I'm assuming your question is vague for a reason and not poorly written. There are going to have to be some assumptions on my end and the answer can only be psuedo code, because you have not stated what the file types meet your criteria for conversion, and if there are multiple data types. If there are you will have to expand this answer with if/else clause in order to ultimately perform Do something or provide your script in the OP. The da.walk method is a hybrid of os.walk and includes a data type.

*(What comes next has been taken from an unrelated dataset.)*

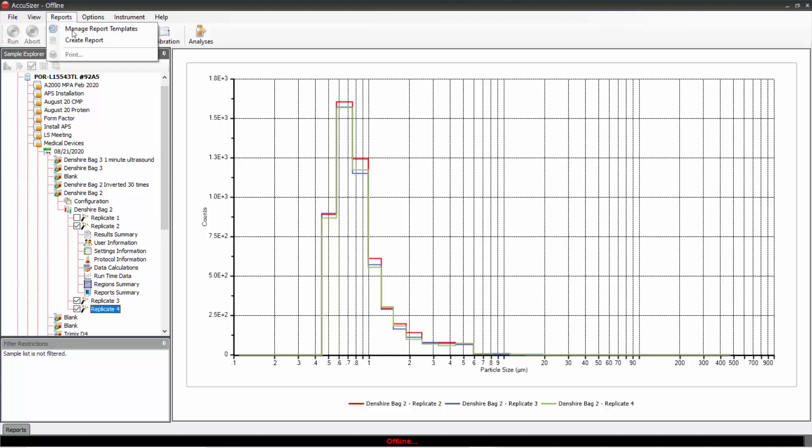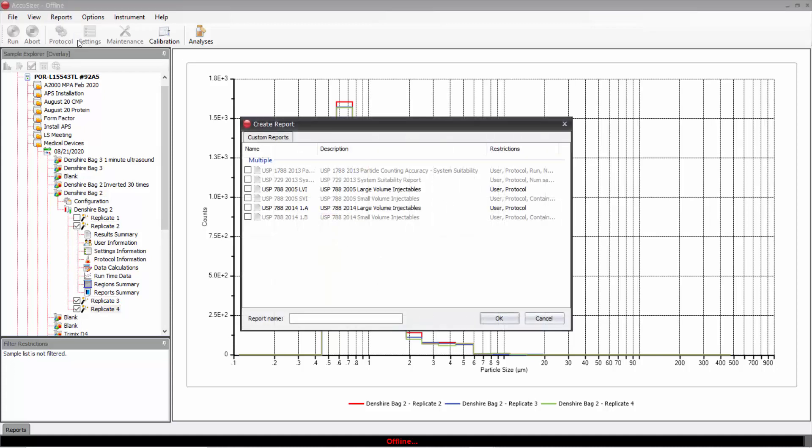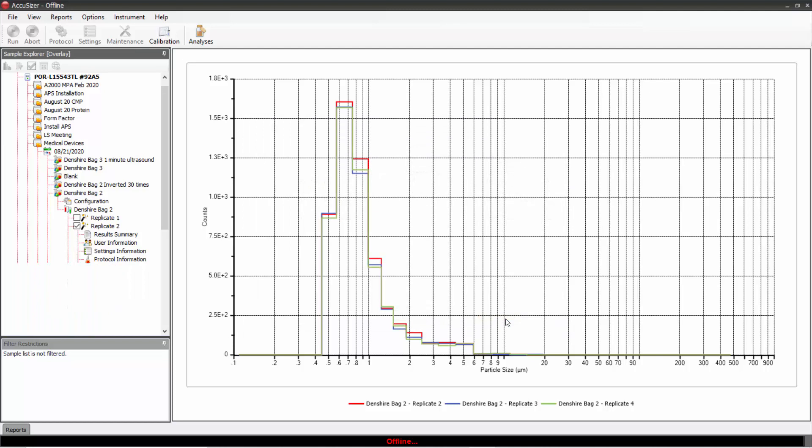Then I come up to Reports, Create Report. In Create Reports, I will choose this one for LVIs. I enter a name here, just say LVI1, and click OK.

I think this may be a misunderstanding of what a feature classes is. A more detailed discussion on the topic can be found here on another thread but the basics:

The definition of feature class is a "homogeneous collections of common features, each having the same spatial representation, such as points, lines, or polygons, and a common set of attribute columns, for example, a line feature class for representing road centerlines."

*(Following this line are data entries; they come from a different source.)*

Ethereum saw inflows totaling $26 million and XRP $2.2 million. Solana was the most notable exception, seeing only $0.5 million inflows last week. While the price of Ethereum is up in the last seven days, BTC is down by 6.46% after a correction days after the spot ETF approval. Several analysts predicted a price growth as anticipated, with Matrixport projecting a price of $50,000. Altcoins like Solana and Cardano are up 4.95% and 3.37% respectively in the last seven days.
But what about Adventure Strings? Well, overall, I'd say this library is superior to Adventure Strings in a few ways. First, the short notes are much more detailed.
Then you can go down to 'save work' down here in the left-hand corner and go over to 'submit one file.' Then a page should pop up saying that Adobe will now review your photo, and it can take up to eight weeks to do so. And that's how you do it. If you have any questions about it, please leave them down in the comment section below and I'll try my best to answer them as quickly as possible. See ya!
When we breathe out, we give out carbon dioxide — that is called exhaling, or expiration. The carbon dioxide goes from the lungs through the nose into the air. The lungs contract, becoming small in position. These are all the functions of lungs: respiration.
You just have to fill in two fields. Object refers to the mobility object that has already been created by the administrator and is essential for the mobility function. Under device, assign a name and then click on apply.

Feature classes are stored in a container be it a shapefile, DWG, or DB. For high level thinking a shapefile can be thought of as a single feature class while a gdb is many features classes. You script is going to have to target the container that holds the feature class (shapefile or some other container it does not matter) and perform the action on the contents. You can use arcpy.da.Walk to target those containers that meet a certain datatype criteria (provided its an ESRI compatible container).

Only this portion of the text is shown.